The entries are to be given back verbatim; no picture is to be copied.
________
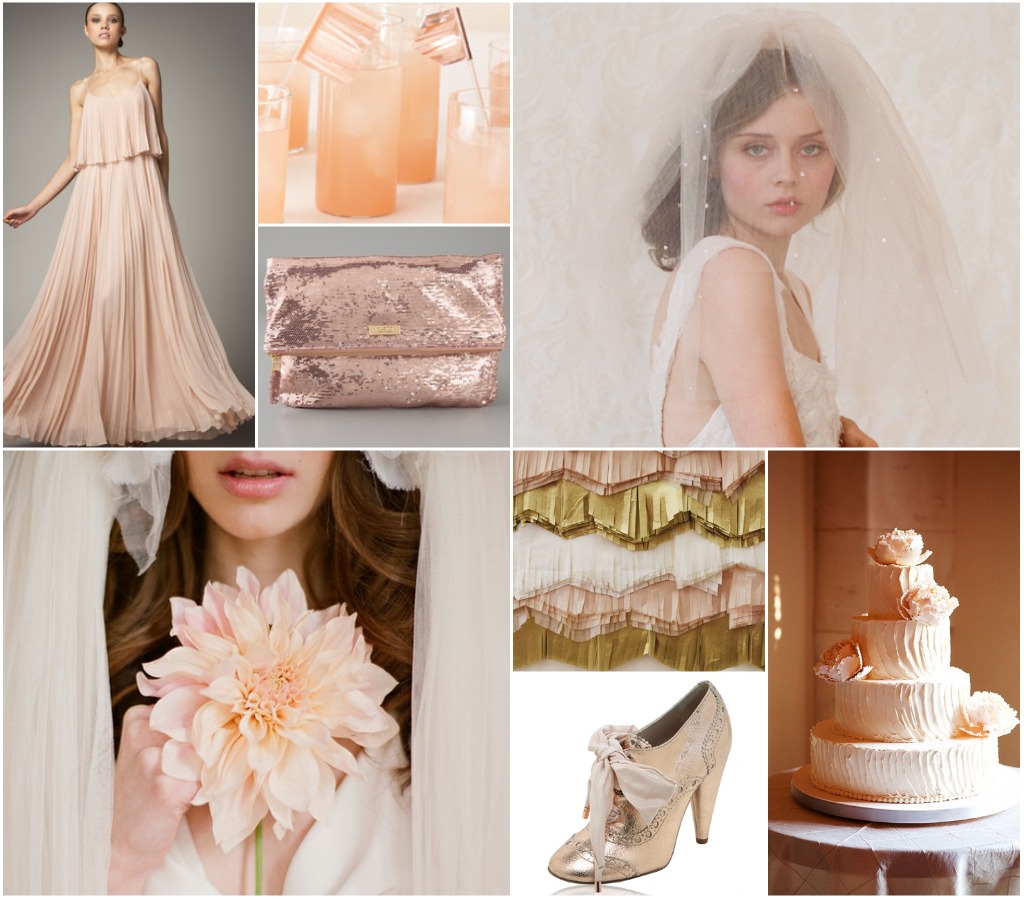 rose gold wedding dress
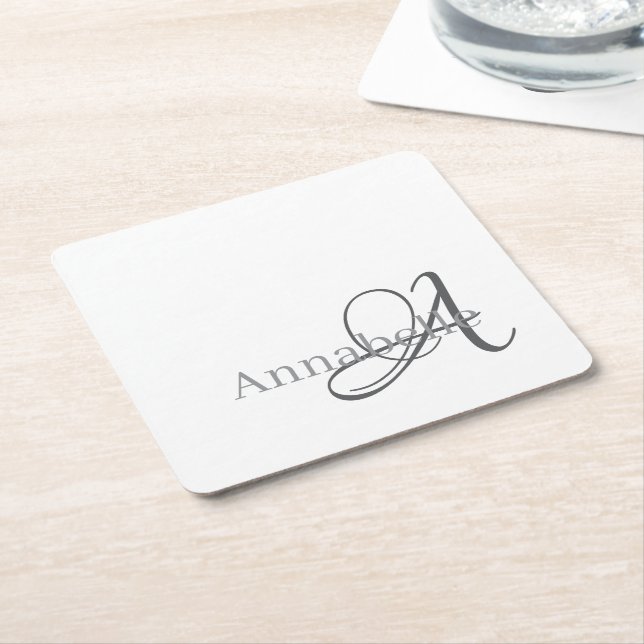 Posavasos Cuadrado De Papel Monograma y nombre blanco mínimo y simple (En perspectiva)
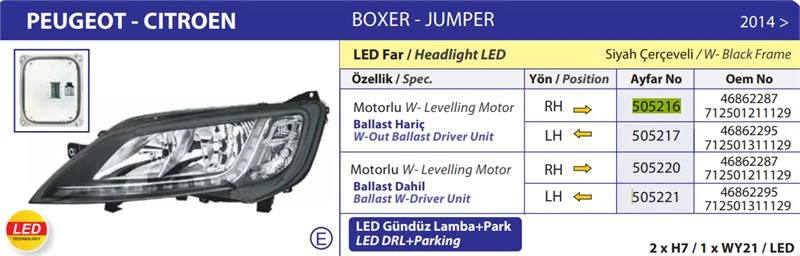 Fiat Far Sag Ducato Boxer Jumper III 14> Ym (led) Motorlu (ballast Harıc) - Ayfar 505216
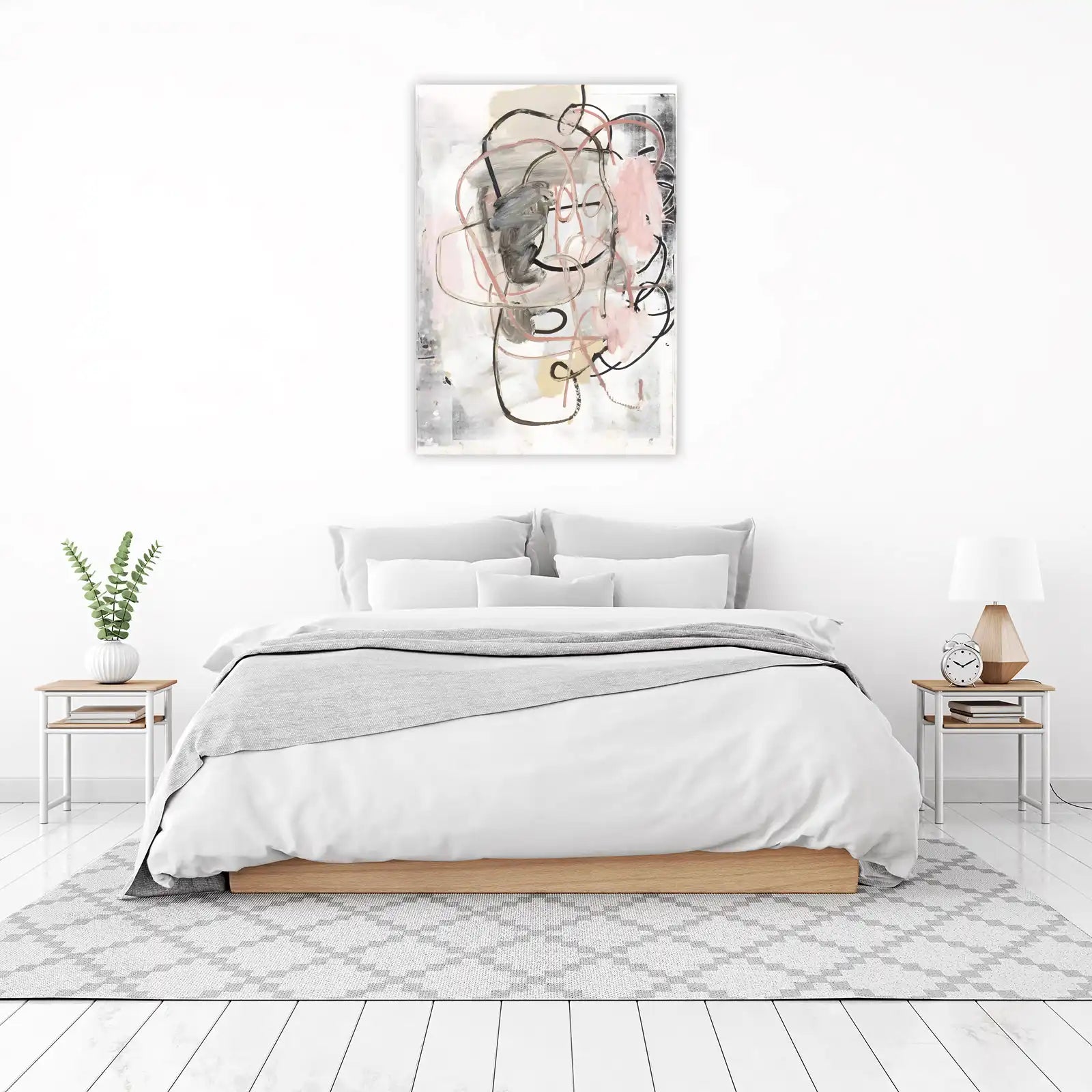 Abstract Swirls Blush & Grey Wall Art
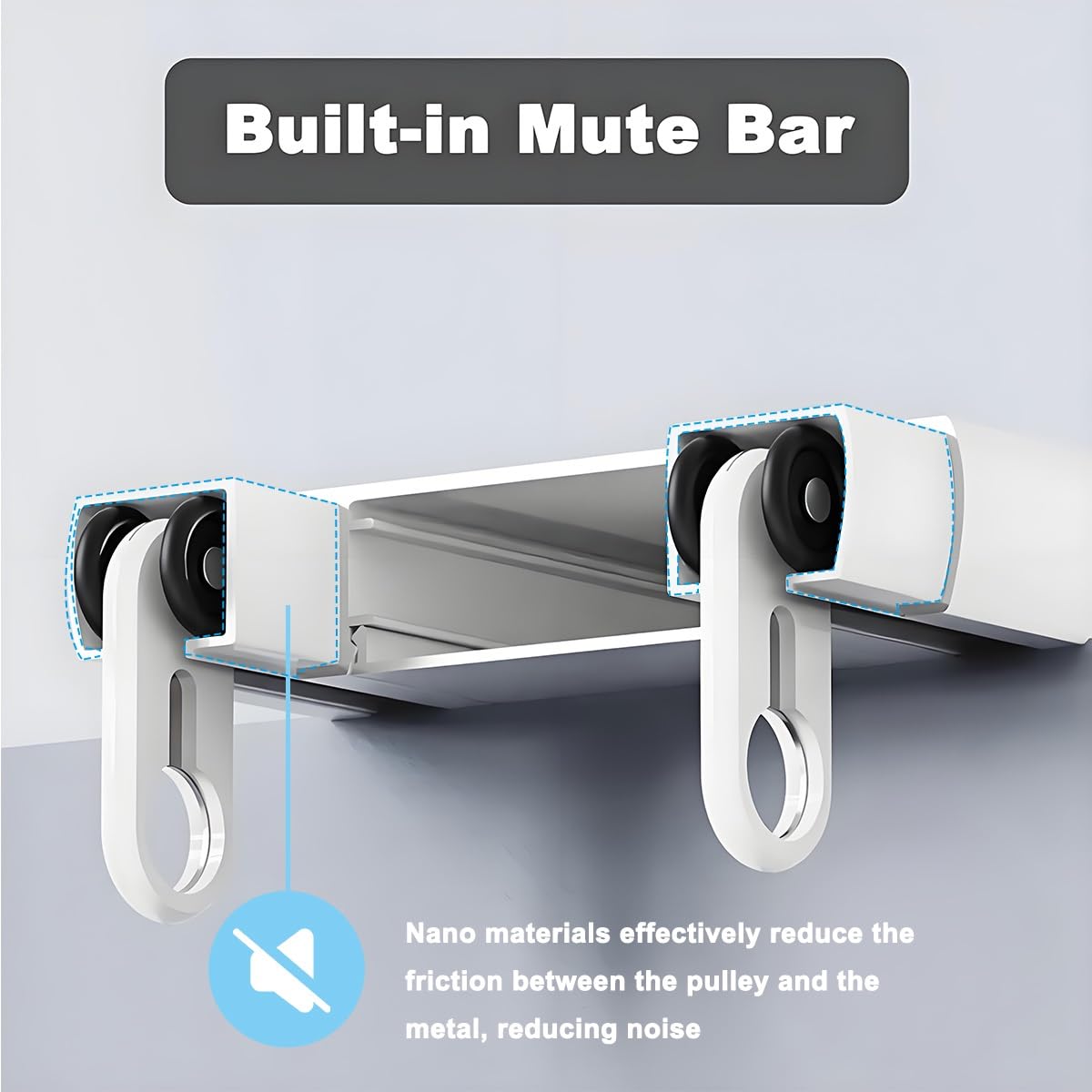 Tringle à rideaux silencieuse à rails à double rangée, Rail de Rideau de Plafond, Aluminium, Séparation de Pièce pour Salon Bureau Chambre, Robuste Facile à Installer(Blanc,1.6m(5.2ft))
________
§ **SOLUTION**
 rose gold wedding dress
 Posavasos Cuadrado De Papel Monograma y nombre blanco mínimo y simple (En perspectiva)
 Fiat Far Sag Ducato Boxer Jumper III 14> Ym (led) Motorlu (ballast Harıc) - Ayfar 505216
 Abstract Swirls Blush & Grey Wall Art
 Tringle à rideaux silencieuse à rails à double rangée, Rail de Rideau de Plafond, Aluminium, Séparation de Pièce pour Salon Bureau Chambre, Robuste Facile à Installer(Blanc,1.6m(5.2ft))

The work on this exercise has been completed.